The Jerusalem District Court on Monday sentenced Medhat Issawi, 42, and his sister, Shireen Issawi, 37, both attorneys from eastern Jerusalem, to eight- and four-year prison terms respectively for harming state security. The two passed messages between security prisoners who were their clients, and the Hamas, to help include said clients in the list of security prisoners for the 2011 Gilad Shalit deal.
The deal, reached in 2011 between Israel and Hamas, netted the release of Israeli soldier Gilad Shalit in exchange for 1,027 Arab prisoners, 280 of whom were murderers with Jewish blood on their hands.
The illicit communications system was run by Shireen Issawi who set up the Al-Quds Office for Legal and Commercial Affairs together with her brother, Medhat. Both used to collect the coded letters from the prisoners in all the security prisons: Hadarim, Eshel, Megiddo, Ofer, Shata, Nafta and Ashkelon, and pass them on, Walla reported.
The firm built up a network of eastern Jerusalem attorneys, who all benefited from their preferred status as Israeli citizens, and sent them on assignments inside the prisons. The attorneys were paid by the letter. One of the accused attorneys, Amjad Safadi, who hanged himself in his home two weeks after being served with an indictment, told investigators, ” Shireen Issawi paid me for the visits, 500 shekel (about $128) for each visit, part in cash, part by check.”
“First Shireen would pay and then Medhat Issawi, Shireen’s brother, did,” Safadi confessed, adding, “I earned about 5,500 shekel (about $1,400) every month, and in all of 2013 about 66,000 shekels (about $17,000). I consented, because at the time I needed the money and as far as I was concerned, this was legal work, suitable for an attorney.
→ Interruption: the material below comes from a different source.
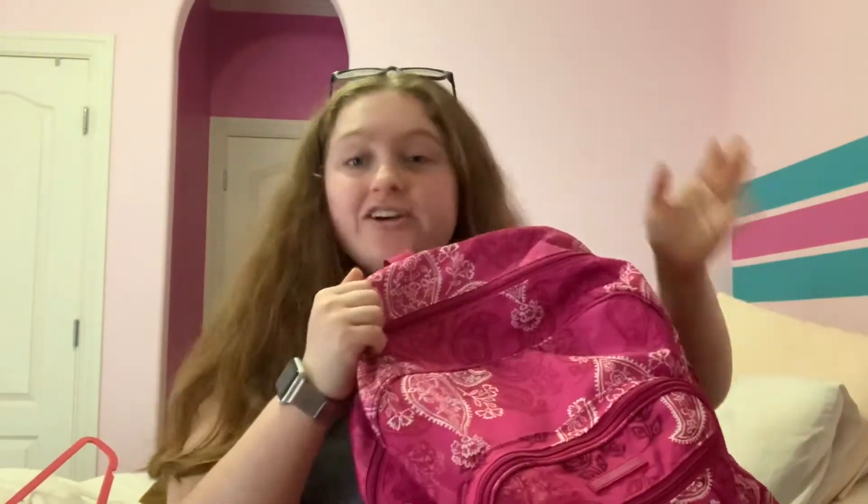It's just a Vera Bradley-style backpack that was not actually from Vera Bradley — it was from a superstore. The bigger zipper on here did break. So, let's get straight into the video.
Then I began to work with them in their office, the Al-Quds Office for Legal and Commercial Affairs … I would write the names of the prisoners I visited each day … and he (Medhat Issawi) gave me 16,000 shekel (about $4,100) as my first payment.”
The case was exposed as a result of intelligence gathered on the Issawi firm. The intelligence led to a covert investigation that lasted several months. Eight indictments altogether were served, six against attorneys and two against office managers, for contact with a foreign agent, giving service to an illegal association, and violations of the prohibition on using property for terrorist purposes.
According to Tareq Issawi, the patriarch of the Issawi family in Isawiyah, outside the Hadassah Medical Center at Ein Kerem, who spoke to Ha’aretz in 2014, the Issawi family has rarely been able to all be together in one place, because one of them is always in an Israeli prison.
Tareq told Ha’aretz that Medhat dealt with more than 250 prisoners from every terror organizations, not necessarily just from Hamas or Islamic Jihad. That’s upwards of at least $32,000 in fees to the firm if each prisoner were visited just one time. Medhat was also involved in the transfer of money to the prisoners, so they could buy items in the prison commissary — which the brother and sister team insisted was the only purpose of those money exchanges.
Shireen studied law at Al-Quds University in East Jerusalem and was licensed by the Israel Bar Association. She was already convicted of a similar offense, sentenced to a year in prison in a plea bargain, and had her law license temporarily suspended.